Six candidates are running for three districts in the Nov. 5 general elections for Los Angeles Unified School district board


Six candidates are running in the Nov. 5, 2024, general elections to represent Districts 1, 3, and 5 on the Los Angeles Unified School District (LAUSD) school board. The candidates advanced from the March 5 primaries because no candidate in their respective races won a majority of the vote. Incumbent Tanya Ortiz Franklin won her primary for District 7 outright with 55.9% of the vote.

LAUSD enrolled around 428,000 students during the 2022-23 school year, making it the country’s second-largest district. The district has faced declining enrollment since the early 2000s, when over 700,000 students attended its schools.

Kahllid Al-Alim and Sherlett Hendy Newbill are running in District 1. Incumbent Scott Mark Schmerelson and Dan Chang are running in District 3. Karla Griego and Graciela Ortiz are running in District 5.

The role of charter schools, policing and campus safety, enrollment, absenteeism, and funding have been issues in the election.
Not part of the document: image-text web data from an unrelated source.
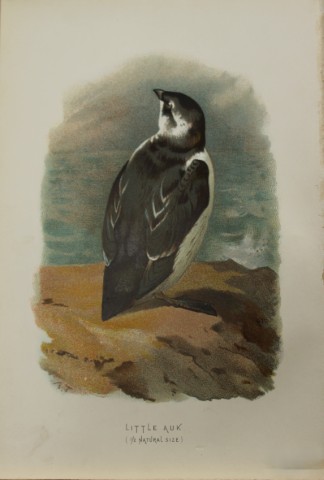 Archibal Thorburn - Little Auk 1883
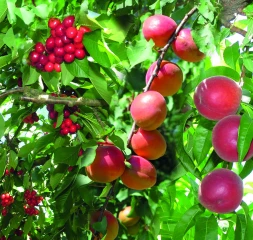 Face au climat, une future carte des fruits encore floue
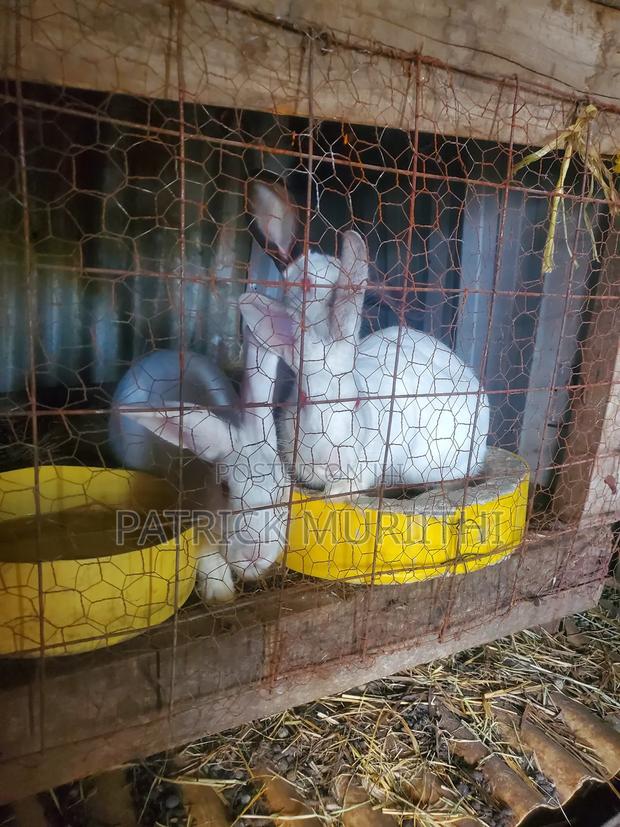 Rabbits for Sale - thumbnail 4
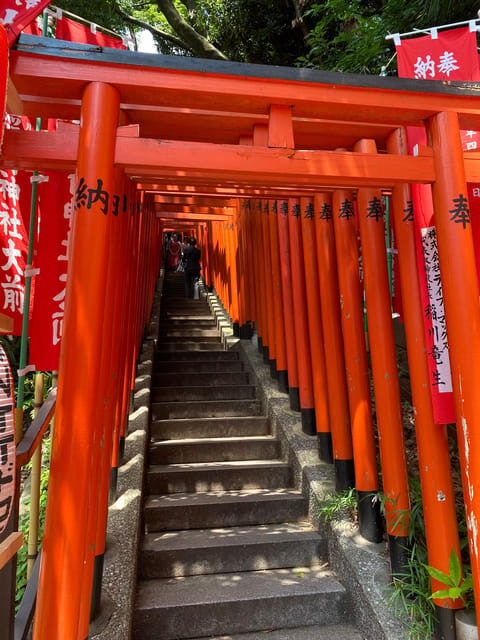 Tameike: Exploring the Heart of Japanese Politics Tour - The Sum Up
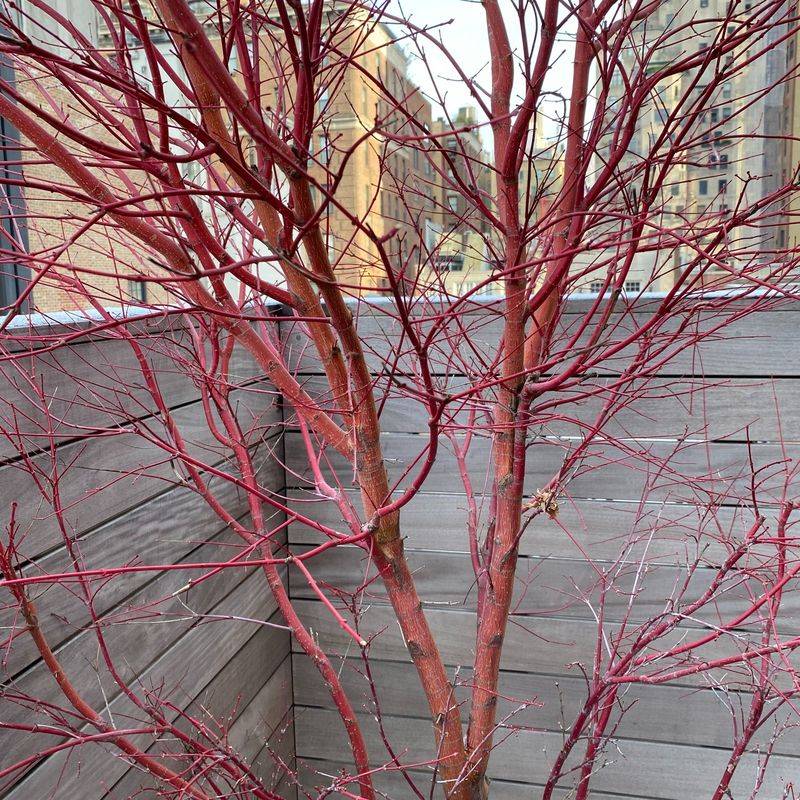 Creating a Shrub Garden That Looks Boring in Winter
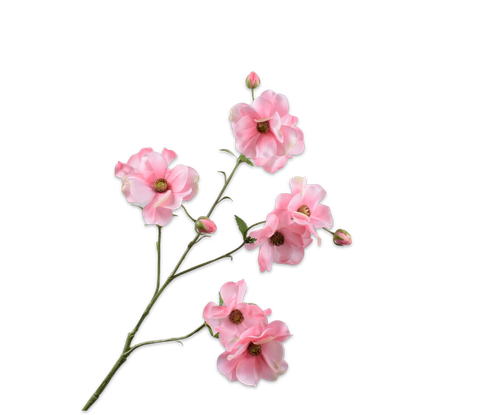 150438.png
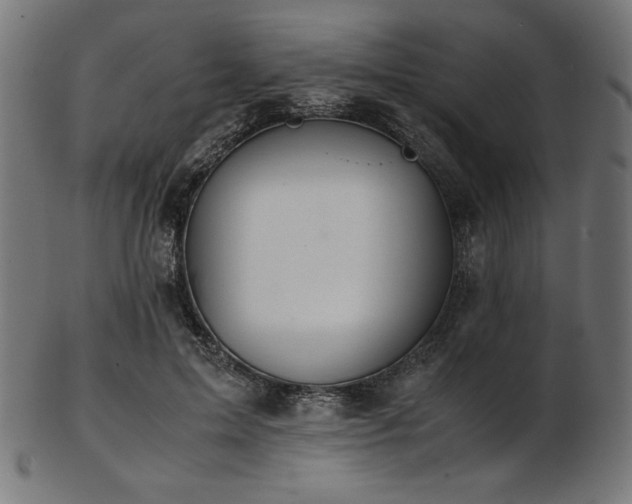 X0000103480599200809121652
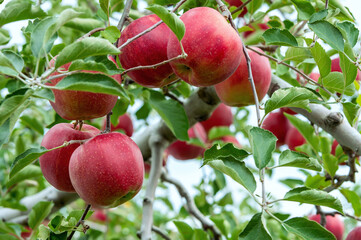 【青森県弘前市りんご】岩木山麓津軽の秋、りんご園は収穫中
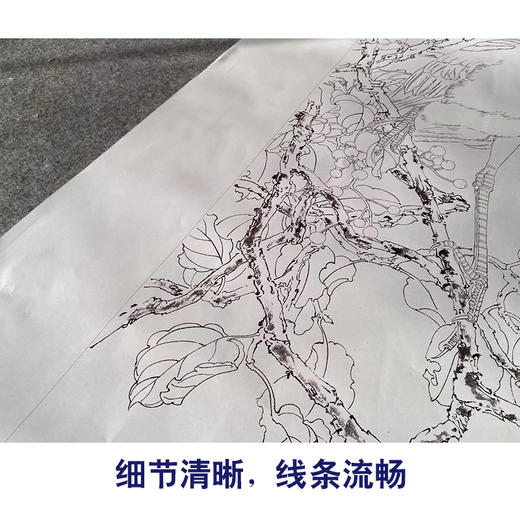 【有步骤】陈军工笔画白描底稿《池塘幽境》初学者临摹勾线花鸟线稿CJ14 商品图4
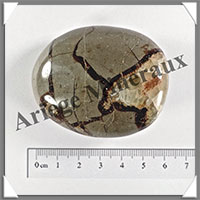 SEPTARIA - Galet de Soins - 90 grammes - 60x48x25 mm - Y009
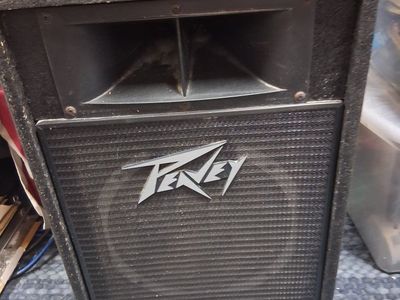 Pair of Peavey 112H Theater Speakers!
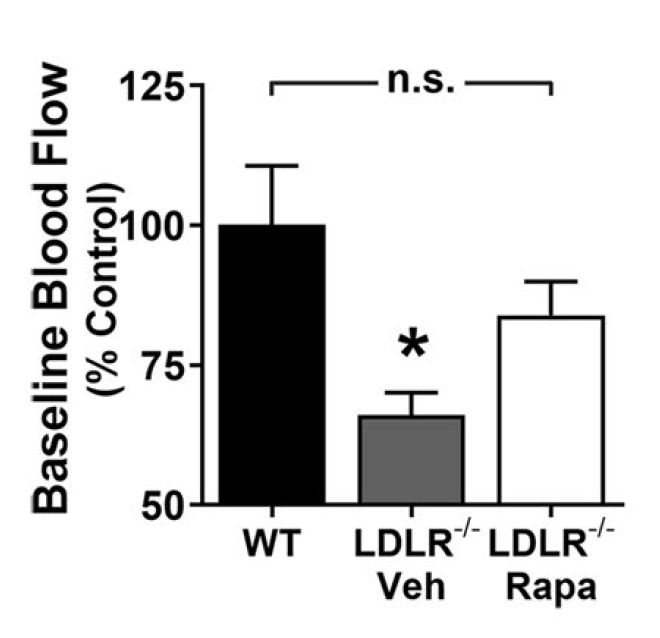 Rapamycin PAD 2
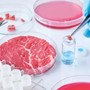 Carne artificiale, Coldiretti: &quot;L'opposizione alla legge va contro la scienza e la salute dei citadini&quot;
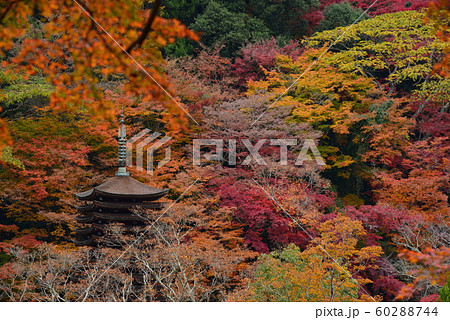 多武峰の紅葉 60288744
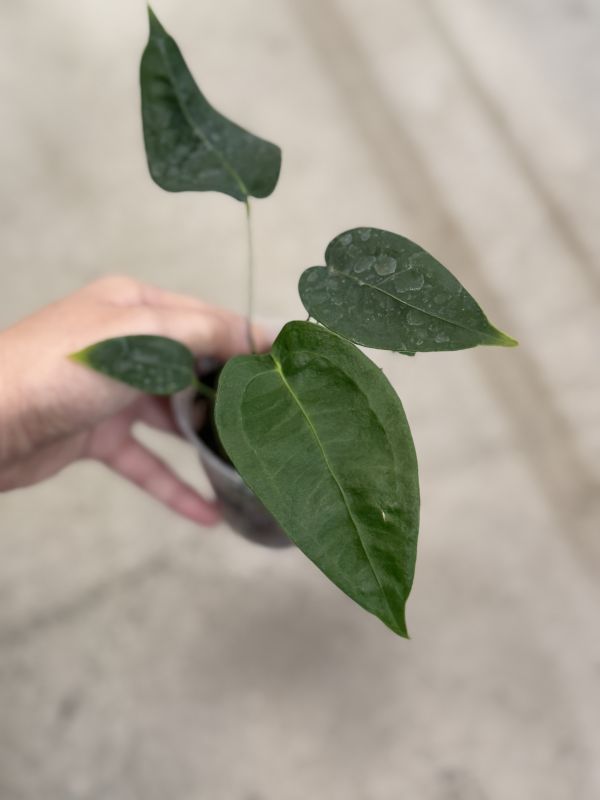Anthurium peltigerium 
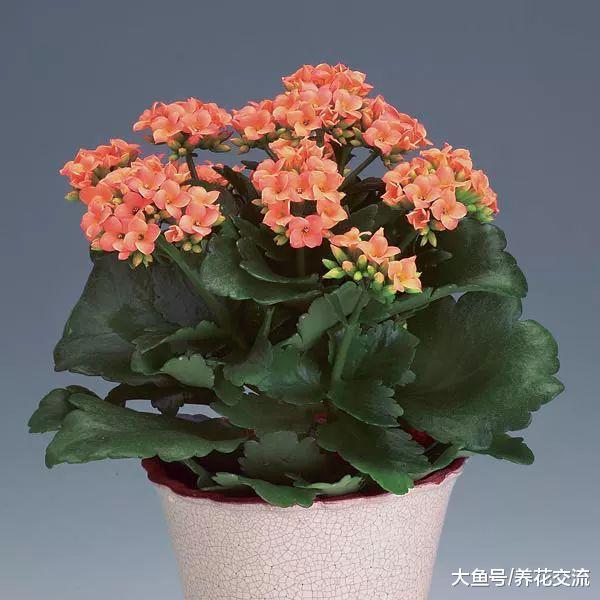 夏季用这些方法养护长寿花, 秋季就能孕育花苞, 冬春时节灿烂开花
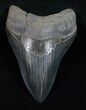 Stunning Fossil Megalodon Tooth - Sharp #12008-1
In the run-up to the election, District 3 candidates Schmerelson and Chang, and the organizations supporting them, had raised the most money of the three races.

District 3 overlaps with much of the San Fernando Valley. Both Schmerelson and Chang completed Ballotpedia’s Candidate Connection survey. Schmerelson received 44.5% in the six-candidate primary, while Chang received 29%.

  • Schmerelson worked in different positions in the LAUSD before joining the board, including as a teacher and a principal. In his Candidate Connection survey, he listed the following three priorities: “School Safety is of paramount importance”; “I am supported by teachers, administrators, school police, parents, community members across the district, the Democratic Party, the LA County Federation of Labor, and Planned Parenthood.”; and “I believe in local control of school budgets and decision making process.”
  • Chang works as a mathematics teacher in a LAUSD middle school, and also founded and ran education nonprofits and charter schools. In his Candidate Connection survey, Chang listed the following three priorities: “Improve Student Safety and Well-Being”; “Teach the Science of Reading (Phonics) and Problem-Based Math”; “Cut the Downtown Bureaucracy and Provide More Money to Valley Schools.”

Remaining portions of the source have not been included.